# Records for processing:
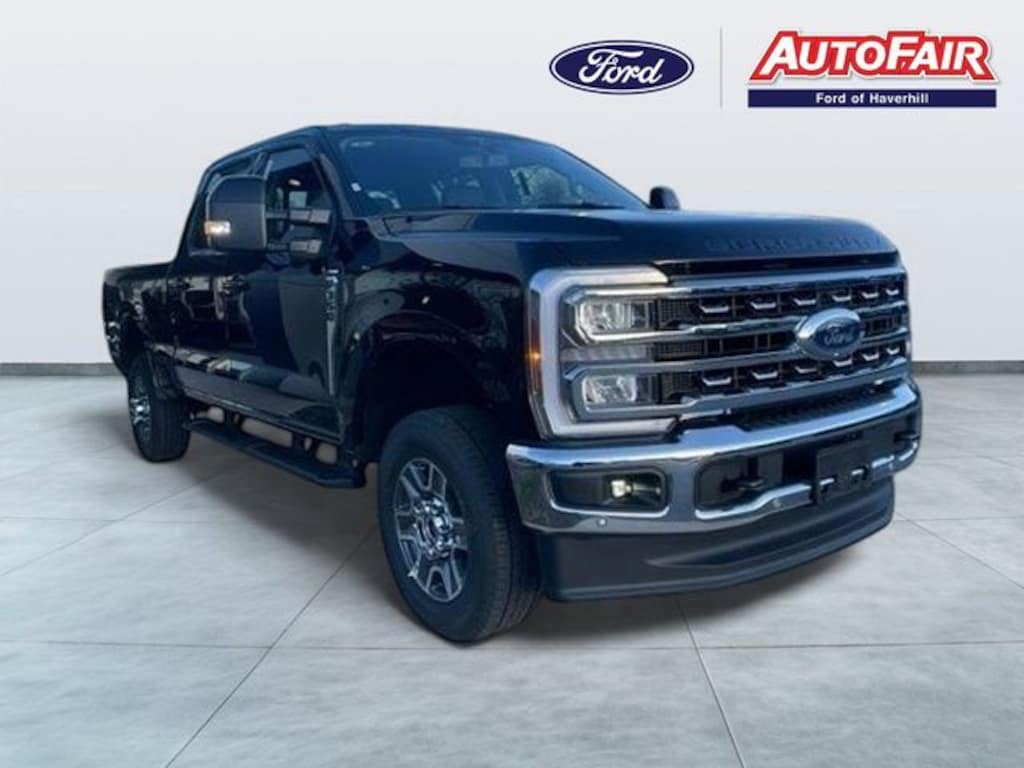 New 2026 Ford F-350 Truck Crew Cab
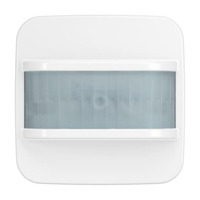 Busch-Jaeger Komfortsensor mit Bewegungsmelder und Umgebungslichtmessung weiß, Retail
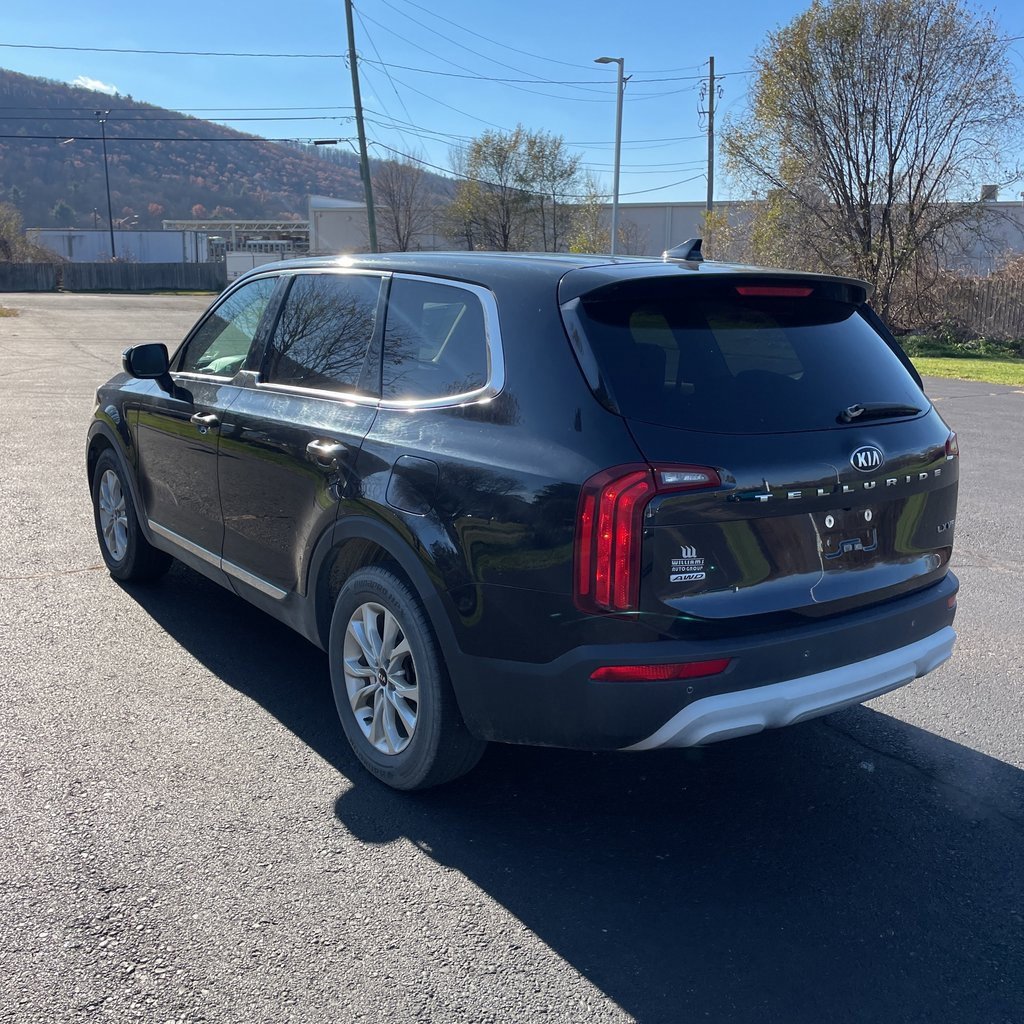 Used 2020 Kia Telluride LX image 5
---
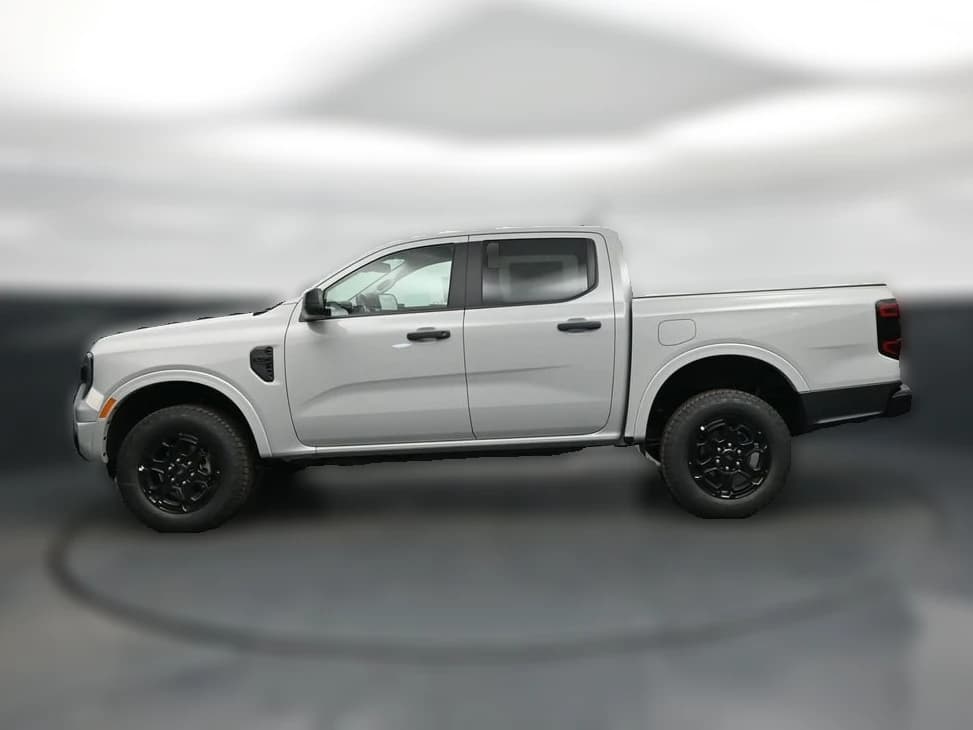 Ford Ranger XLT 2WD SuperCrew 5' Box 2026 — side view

# What is needed:
A clean copy is needed of the lines in the listing above from the one with "New 2026 Ford F-350 Truck Crew Cab" through the one with "Used 2020 Kia Telluride LX image 5", exact in every word and free of pictures.

# Your solution:
 New 2026 Ford F-350 Truck Crew Cab
 Busch-Jaeger Komfortsensor mit Bewegungsmelder und Umgebungslichtmessung weiß, Retail
 Used 2020 Kia Telluride LX image 5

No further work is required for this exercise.